**Exercise**
This task calls for the lines below starting at the one containing "Down Syndrome Awareness Ribbon Keychain" and ending at the one containing "SLVR T-shirt rood/Slash Logo zwart/wit M", repeated exactly with both ends kept and pictures left out.

**Input for this task**
BEGIN
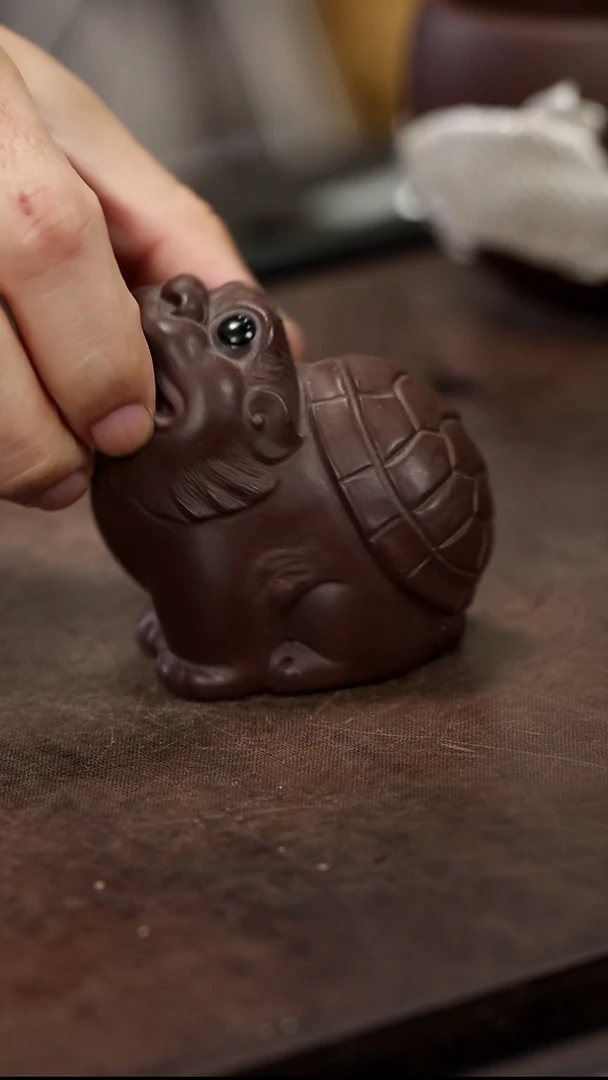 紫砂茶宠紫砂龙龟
END
BEGIN
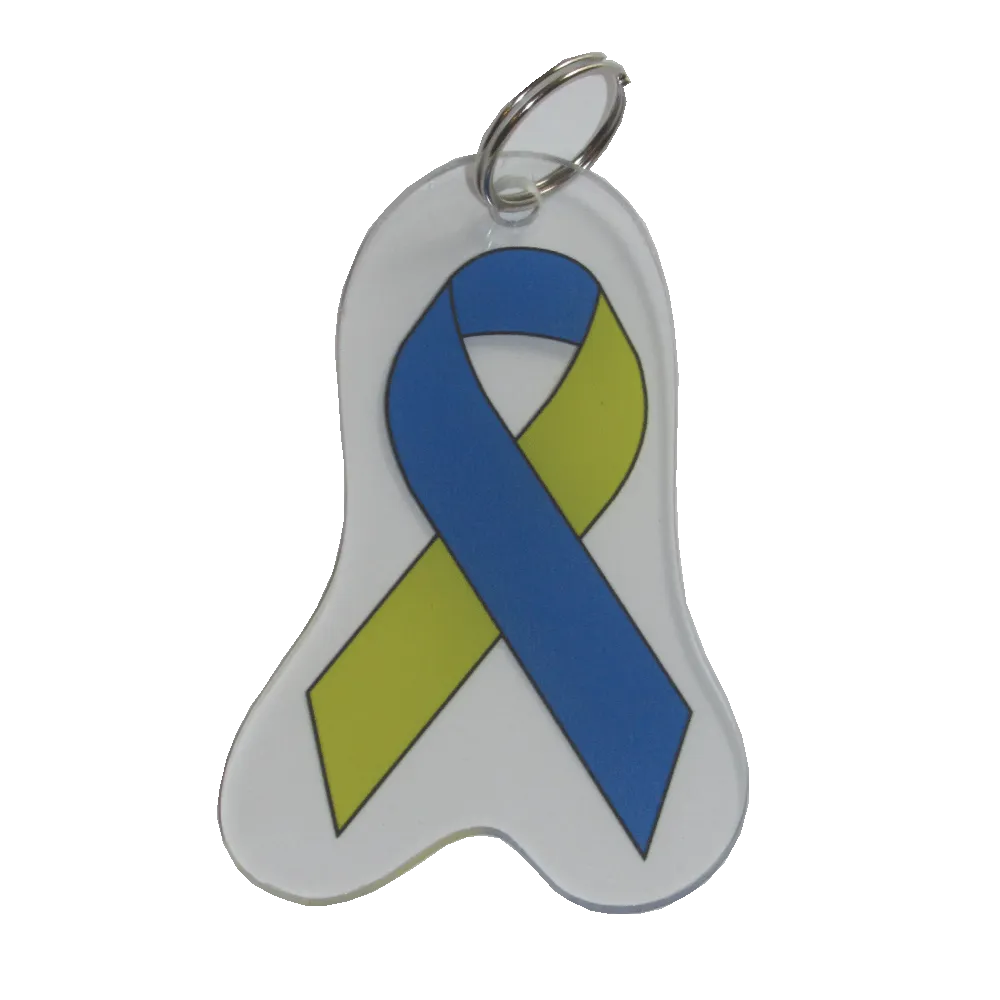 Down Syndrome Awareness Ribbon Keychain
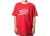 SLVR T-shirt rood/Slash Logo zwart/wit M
END
BEGIN
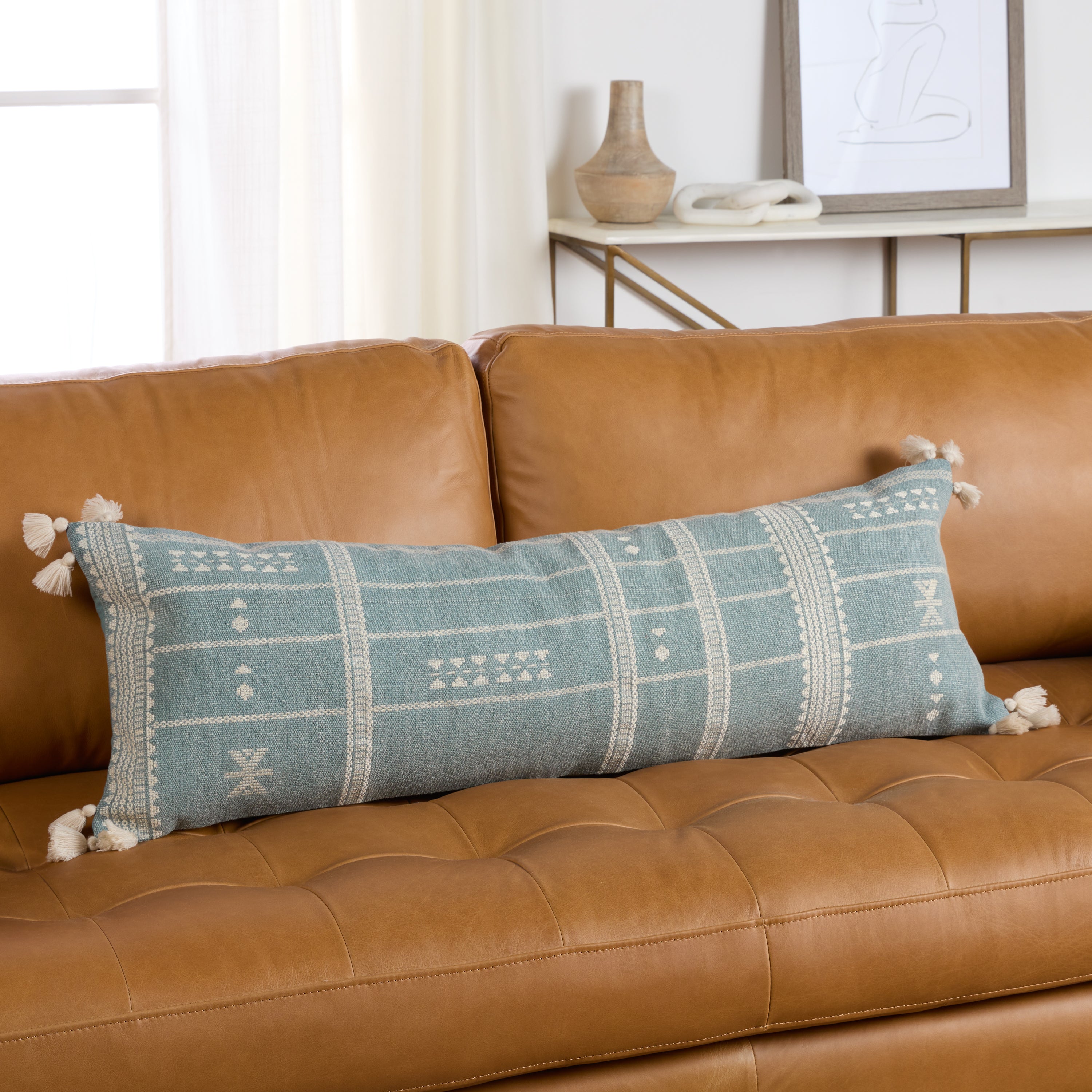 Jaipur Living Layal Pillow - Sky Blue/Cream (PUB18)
END
**Finished task**
 Down Syndrome Awareness Ribbon Keychain
 SLVR T-shirt rood/Slash Logo zwart/wit M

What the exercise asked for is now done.